### WORK ORDER
Retype word for word the line containing "Dimensions=1016x760" and each line that follows it in the records below, through the last one, with no pictures.

### PROVIDED RECORDS
#####

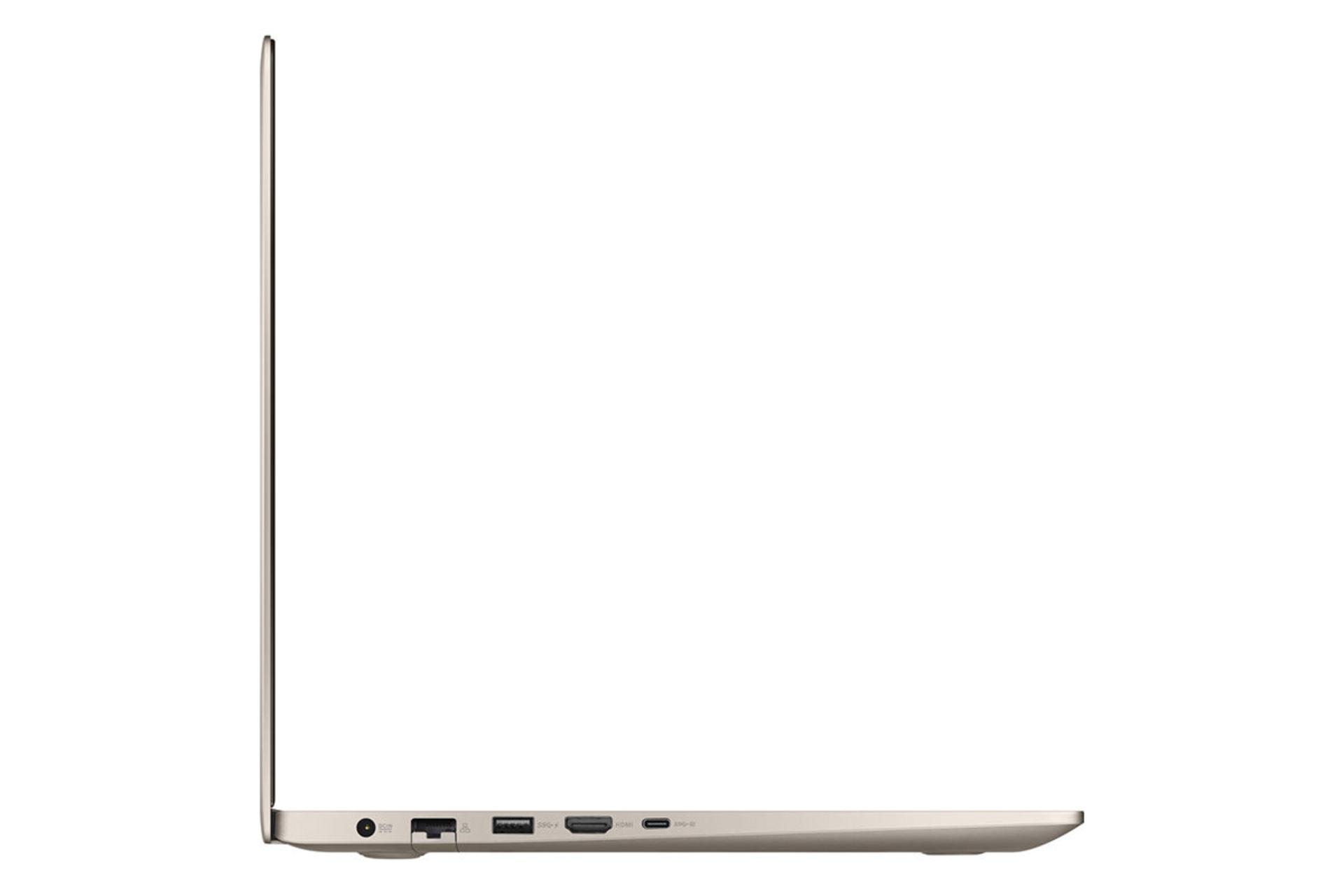 ویووبوک پرو 15 N580GD ایسوس / ASUS VivoBook Pro 15 N580GD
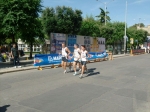 Filename=HPIM9421.jpg
Filesize=135KiB
Dimensions=1016x760
Date added=Jun 15, 2009 HPIM9421.jpg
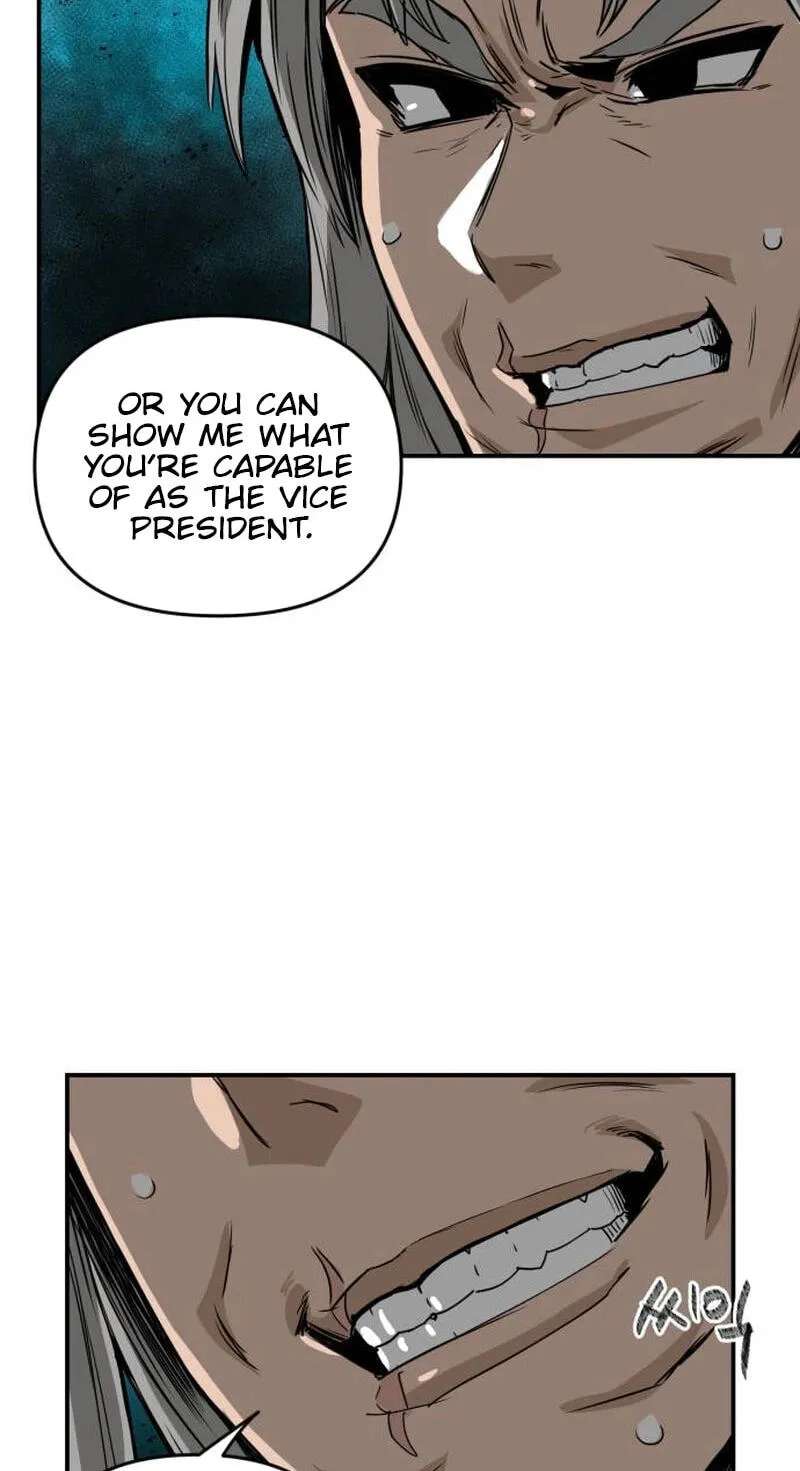Kill This Love! Chapter 49 - page 51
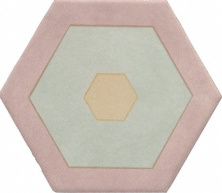 Вставка Kerama Marazzi VT\A73\SG1010 Патакона 10,4x12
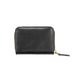 Ralph Lauren Black Leather Wallet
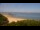 Webcam in Arcachon, 0 mi away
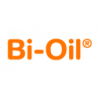 Bi-Oil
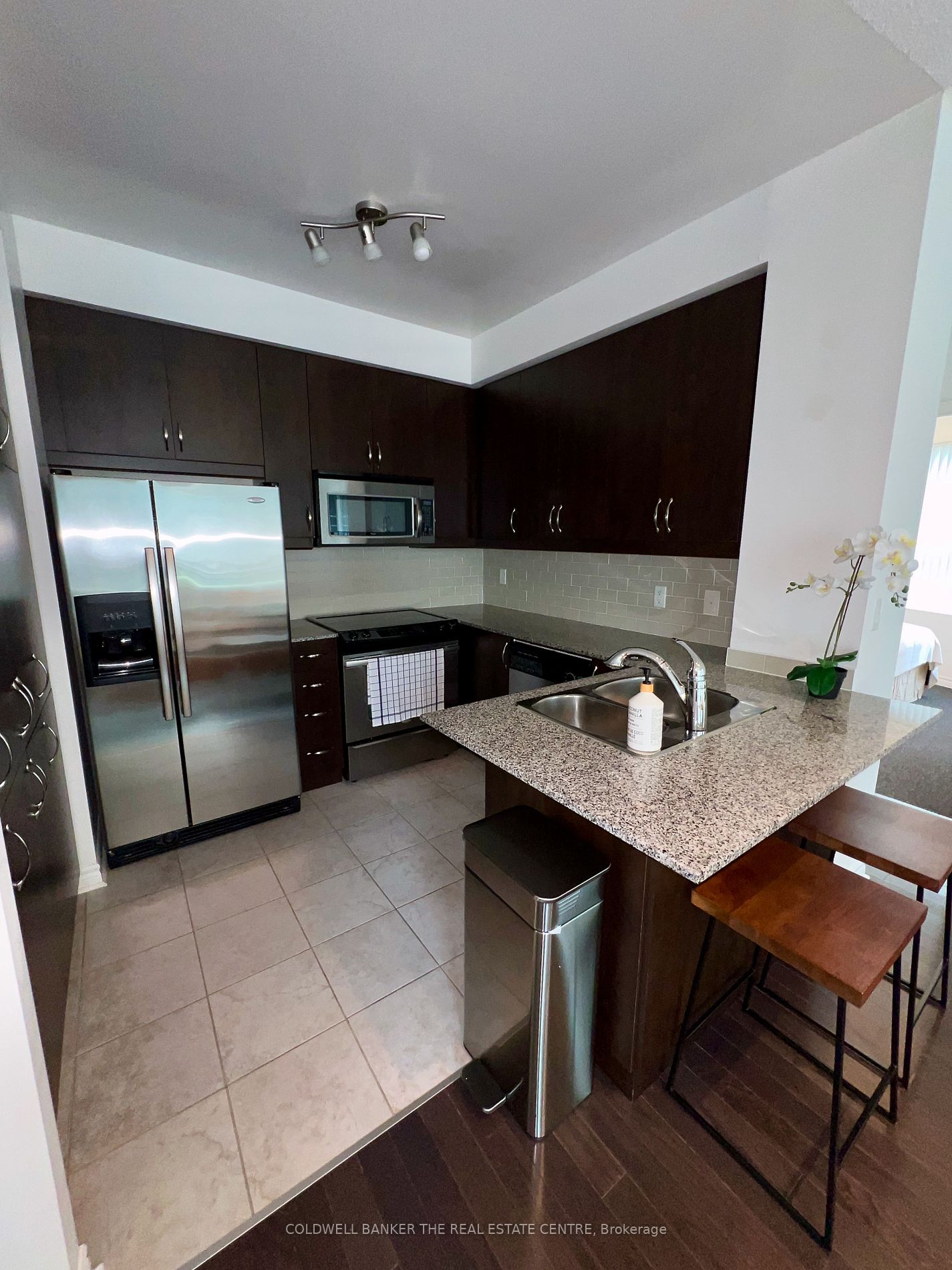 18 Holmes Avenue, #310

#####

### RESPONSE AREA
Dimensions=1016x760
Date added=Jun 15, 2009 HPIM9421.jpg
Kill This Love! Chapter 49 - page 51
 Вставка Kerama Marazzi VT\A73\SG1010 Патакона 10,4x12
 Ralph Lauren Black Leather Wallet
 Webcam in Arcachon, 0 mi away
 Bi-Oil
 18 Holmes Avenue, #310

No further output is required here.